A new FoxNews/Opinion Dynamics poll is out for South Carolina, and it’s good news for Giuliani (story here, full results here). Not just because he is a whisker ahead of McCain 26 percent to 25 percent (with Romney at 14 percent). Skeptics will look at that headline number, and say, it’s only a matter of time before South Carolina conservatives find out Giuliani’s social views and sour on him (especially in light of his recent stumble). However, if you look at the poll with more detail, you will see that it supports something I’ve long been arguing: this will be the first contested Republican primary season since 9/11, and national security issues will play more dominant role, creating a unique opening for Giuliani.
When likely South Carolina Republican primary voters were asked to identify the most important issue to them a total of 51 percent* named a national-security related issue, whereas a total of only 6 percent** named a social issue. If you add immigration, another issue where many conservatives have a beef with Giuliani, that makes an additional 6 percent of the Republican electorate that may be hostile to his candidacy. The rest of the responses relate to economic, fiscal and non-social domestic issues on which Giuliani is strong.
In another interesting part of the poll, only 59 percent of likely Republican primary voters identified themselves as pro-life, compared to 32 percent who said they were pro-choice, and 10 percent who either had mixed views on the subject or didn’t know. That number surprised me, because I would have thought that South Carolina Republicans would be more pro-life than that.

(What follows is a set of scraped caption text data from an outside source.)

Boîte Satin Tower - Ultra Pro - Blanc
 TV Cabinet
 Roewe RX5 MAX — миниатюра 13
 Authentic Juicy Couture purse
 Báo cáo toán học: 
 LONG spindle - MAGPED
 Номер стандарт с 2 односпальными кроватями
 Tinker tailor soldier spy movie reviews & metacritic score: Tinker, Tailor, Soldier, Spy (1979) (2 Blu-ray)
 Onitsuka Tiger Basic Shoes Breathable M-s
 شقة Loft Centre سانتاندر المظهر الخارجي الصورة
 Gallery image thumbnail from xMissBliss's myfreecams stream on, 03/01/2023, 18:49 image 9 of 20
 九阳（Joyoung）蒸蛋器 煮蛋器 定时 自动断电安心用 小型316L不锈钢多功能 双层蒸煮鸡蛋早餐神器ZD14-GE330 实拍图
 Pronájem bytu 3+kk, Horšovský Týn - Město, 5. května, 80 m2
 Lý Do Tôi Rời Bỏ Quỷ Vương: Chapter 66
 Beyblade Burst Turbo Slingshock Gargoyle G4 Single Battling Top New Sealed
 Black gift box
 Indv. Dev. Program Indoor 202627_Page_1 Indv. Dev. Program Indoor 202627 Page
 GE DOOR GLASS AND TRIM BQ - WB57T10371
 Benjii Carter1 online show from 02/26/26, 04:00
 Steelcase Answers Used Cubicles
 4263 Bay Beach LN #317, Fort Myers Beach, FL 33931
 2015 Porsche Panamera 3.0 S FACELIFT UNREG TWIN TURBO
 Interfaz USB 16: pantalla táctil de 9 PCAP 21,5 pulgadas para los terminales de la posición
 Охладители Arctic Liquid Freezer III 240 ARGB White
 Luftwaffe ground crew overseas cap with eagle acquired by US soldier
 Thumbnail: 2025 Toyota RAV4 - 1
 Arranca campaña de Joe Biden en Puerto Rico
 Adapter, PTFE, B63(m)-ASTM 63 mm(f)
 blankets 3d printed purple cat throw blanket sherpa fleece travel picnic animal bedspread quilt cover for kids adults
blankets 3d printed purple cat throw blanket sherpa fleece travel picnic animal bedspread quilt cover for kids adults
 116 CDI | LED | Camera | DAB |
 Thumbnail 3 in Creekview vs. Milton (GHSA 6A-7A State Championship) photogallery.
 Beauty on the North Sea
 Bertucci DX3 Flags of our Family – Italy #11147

Clearly this is just a single poll, so all caveats apply. And I don’t mean to suggest that social issues will be unimportant in the primaries, just that they won’t play as dominant a role as they have in prior cycles. A lot of those pundits who are dismissing Giuliani’s chances are basing their judgment on a pre-9/11 model of Republican primaries in which a candidate who fails social issue litmus tests cannot win. This is just another data point suggesting they may be wrong.
*The 51 percent total is comprised of: 37 percent who named war/Iraq; 7 percent named homeland/national security; 5 percent named terrorism–not Iraq; 1 percent named foreign policy–not Iraq; 1 percent named Iran.
**The 6 percent is comprised of: 4 percent named family values/morals; 1 percent said gay marriage; 1 percent said abortion.